A recent vote to suspend the San Francisco local cannabis business tax through the end of next year earned unanimous support for the measure, as KPIX reports. It was a proposal that city supervisor Rafael Mandelman said would help licensed businesses compete and, ideally, thrive against the pull of the illicit market.   

The tax was set to go into effect Jan. 1, the result of a 2018 ballot measure that local voters approved. The original ballot language proposed a 1-5% tax on gross receipts, citywide.

However, a lot has happened in the last three years in California.

Increased taxation—from the state level on down to counties and municipalities—has tied up cash flow and handcuffed licensed operators to a hefty financial imbalance, according to market observers and trade associations monitoring the post-Prop. 64 situation.
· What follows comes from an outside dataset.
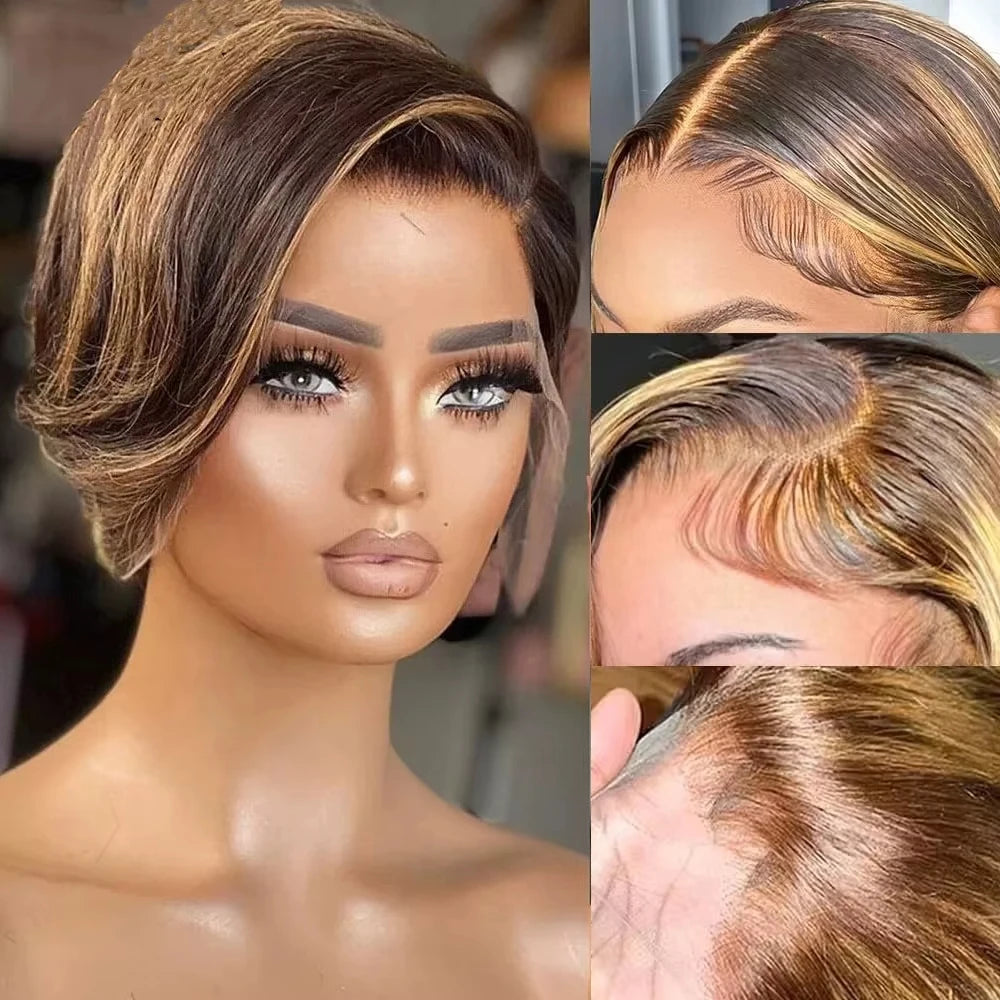 Highlight Straight Pixie Cut Lace Front Human Hair Bob Wig for Women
Meanwhile, illicit operators are raking in $8 billion annually—double the market size of the licensed, regulated and taxable cannabis landscape in the state.  

“Cannabis businesses create good jobs for San Franciscans and provide safe, regulated products to their customers,” Mandelman said in a public statement. “Sadly, the illegal market is flourishing by undercutting the prices of legal businesses, which is bad for our economy as illegal businesses pay no taxes while subjecting workers to dangerous conditions and consumers to dangerous products. Now is not the time to impose a new tax on small businesses that are just getting established and trying to compete with illicit operators.”